À l’origine, le désir de l’artiste était de réaliser un film sur l’isolement dans le village de son enfance, dans lequel vit encore sa grand-mère Michelle, avec ses cousins et quelques amis. Lors du tournage, Les Blanches Terres est aussi devenu un projet photo. Ce long-métrage tourné en plan fixe, sorti en 2019, est consacré aux deux-tiers à des moments de vie quotidienne. Le reste montre les coulisses des shootings pour, précise la photographe, exposer les « processus de création d’une image ». Le public voit simultanément le déroulé des séances photos et leurs rendus. Debout, parfois appuyés sur des cannes, les habitants posent dans leurs jardins, ateliers ou fermes, seuls ou avec leurs chiens. Cette série d’une trentaine de clichés en couleur, réalisés à l’argentique, comporte des portraits de dos, de face ou de profil. Intéressée également par les « représentations et les portraits que souhaitent donner » ses sujets, Amélie Cabocel leur a laissé le choix du décor et des tenues.

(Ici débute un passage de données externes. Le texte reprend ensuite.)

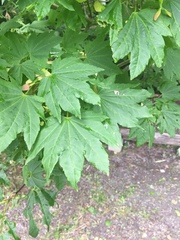 Acer circinatum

Suite à une première installation au CCAM (Vandœuvre-lès-Nancy), Les Blanches Terres se dévoile à Stimultania en « version augmentée » avec de nombreux inédits : l’image du buffet familial qui occupe l’un des pans de mur, donnant une impression d’intrusion et de convivialité, ou encore un leporello compilant différentes photos de Michelle tout au long de sa vie. Classés de manière thématique non chronologique, ces clichés apparaissent modifiés. Seuls les motifs des robes de la grand-mère sont parfois conservés, tout comme certains paysages, à la différence des membres de la famille et même des chats, allègrement rognés. À l’entrée, un portrait de famille en noir et blanc, agrandi et retouché : dans une parfaite illusion, Michelle et ses deux cousins se tiennent aux côtés de leurs ancêtres immortalisés des décennies plus tôt. Au centre, des photos de robes sont exposées, comme pendues sur des tringles. Ce sont les créations de la grand-mère, ancienne couturière, qui a d’ailleurs souhaité être immortalisée avec l’un de ses vêtements. Après sa série Les 7 Familles sur les foyers homoparentaux, l’anthropologue de formation Amélie Cabocel continue d’étudier le visible et l’invisible, en donnant une place aux personnes âgées, rarement représentées. Un hommage familial et territorial qui ne s’intéresse pas au passé mais à l’avenir, l’objectif étant de comprendre « comment sont envisagés le futur et la mort par ceux qui subsistent » dans cet espace aujourd’hui délaissé.